> **Exercise directions**:
The whole listing, please: repeat it exactly, with the pictures left out.
==== Source material
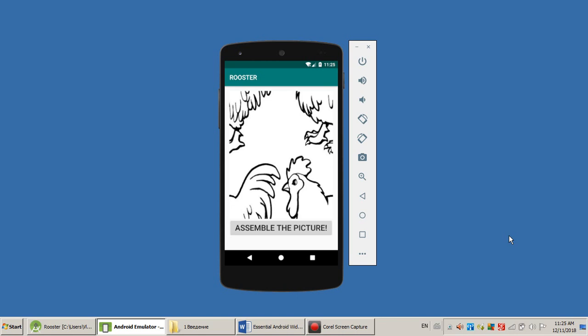Hello everybody, my dear friends, programmers, colleagues, students, everybody who is interested in programming, creating applications for computers, for mobile devices. This is the first video in my course, creating simple Android apps.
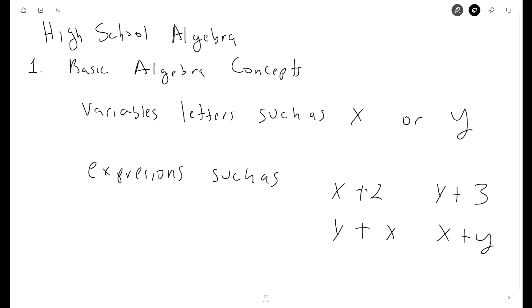So the two key concepts that we talked about today are variables and expressions. These are the basic foundations of high school algebra.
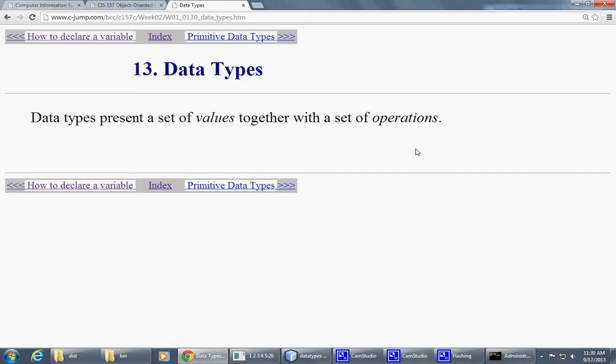So all data types come with the size in memory, the potential of storing particular values in memory, but also they come with a set of operations. What operations are available on that?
========
> **Finished exercise**:
Hello everybody, my dear friends, programmers, colleagues, students, everybody who is interested in programming, creating applications for computers, for mobile devices. This is the first video in my course, creating simple Android apps.
So the two key concepts that we talked about today are variables and expressions. These are the basic foundations of high school algebra.
So all data types come with the size in memory, the potential of storing particular values in memory, but also they come with a set of operations. What operations are available on that?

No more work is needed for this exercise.